**Data shown**
------------------------------------------------
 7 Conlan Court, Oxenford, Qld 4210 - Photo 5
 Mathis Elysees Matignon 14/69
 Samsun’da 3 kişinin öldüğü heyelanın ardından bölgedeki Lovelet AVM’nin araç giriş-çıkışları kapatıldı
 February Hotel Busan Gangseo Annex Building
------------------------------------------------
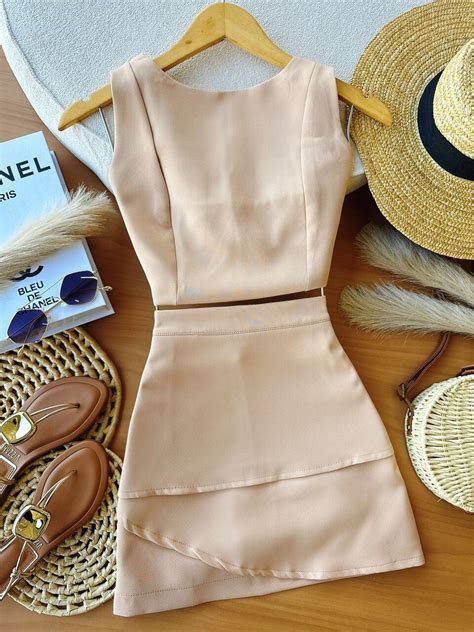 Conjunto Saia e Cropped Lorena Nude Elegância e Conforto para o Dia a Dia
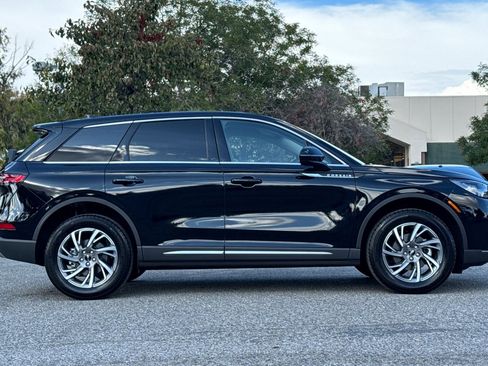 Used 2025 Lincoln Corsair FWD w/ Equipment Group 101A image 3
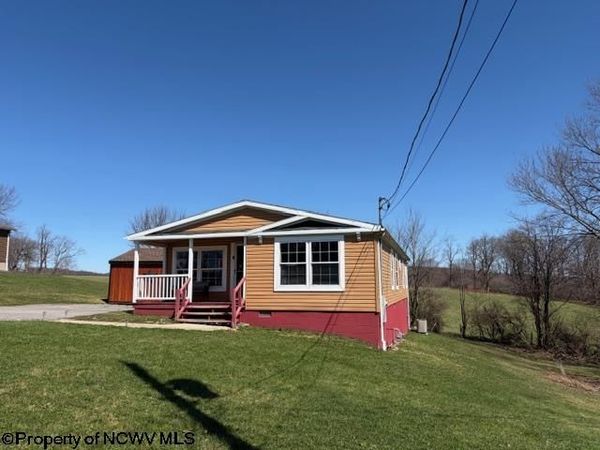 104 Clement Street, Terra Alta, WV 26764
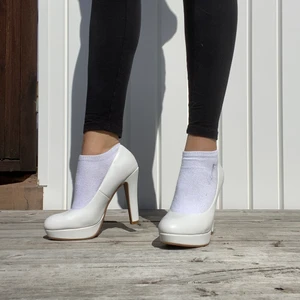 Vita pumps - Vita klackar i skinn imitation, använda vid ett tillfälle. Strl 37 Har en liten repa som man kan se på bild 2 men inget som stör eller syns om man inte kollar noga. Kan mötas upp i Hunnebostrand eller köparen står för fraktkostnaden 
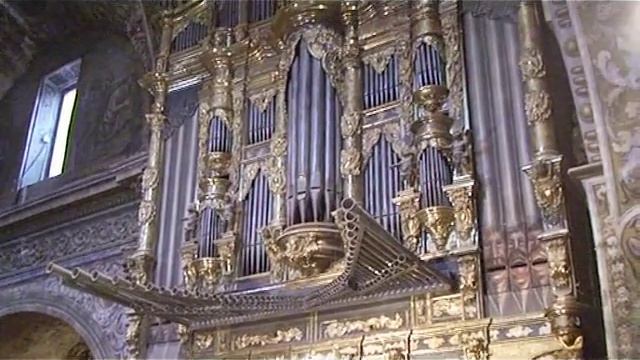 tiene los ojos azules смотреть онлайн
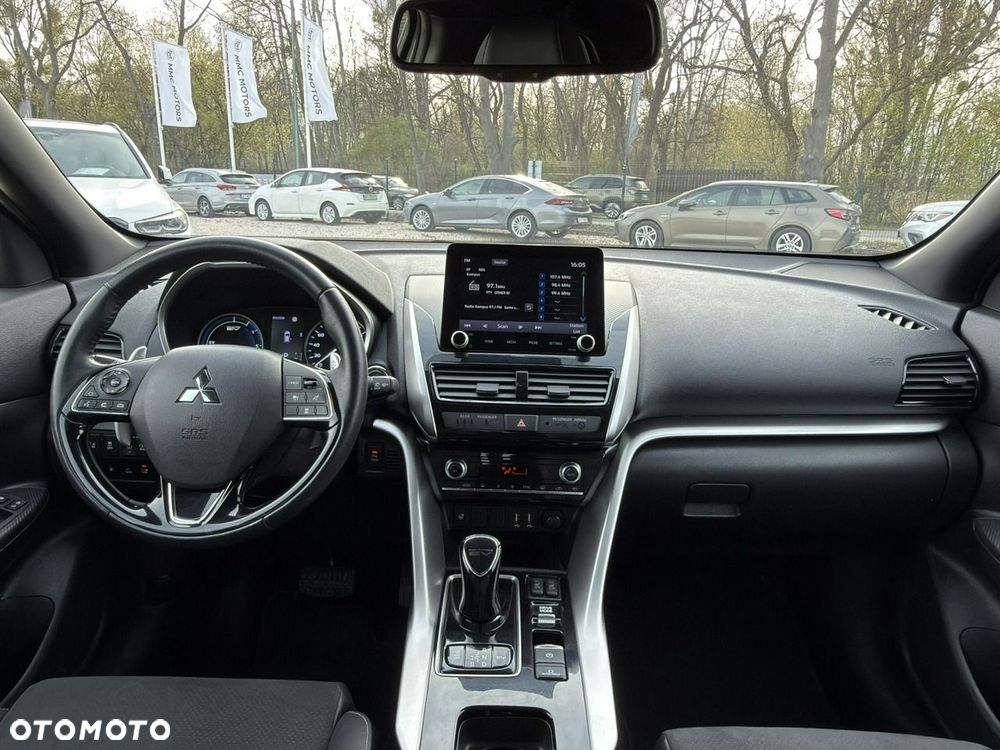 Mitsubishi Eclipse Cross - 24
------------------------------------------------
**Problem requirements**
Wherever the line holding "7 Conlan Court, Oxenford, Qld 4210 - Photo 5" falls in the entries above, copy exactly from it through the line holding "February Hotel Busan Gangseo Annex Building", inclusive, and add nothing.

**Response for this exercise**
 7 Conlan Court, Oxenford, Qld 4210 - Photo 5
 Mathis Elysees Matignon 14/69
 Samsun’da 3 kişinin öldüğü heyelanın ardından bölgedeki Lovelet AVM’nin araç giriş-çıkışları kapatıldı
 February Hotel Busan Gangseo Annex Building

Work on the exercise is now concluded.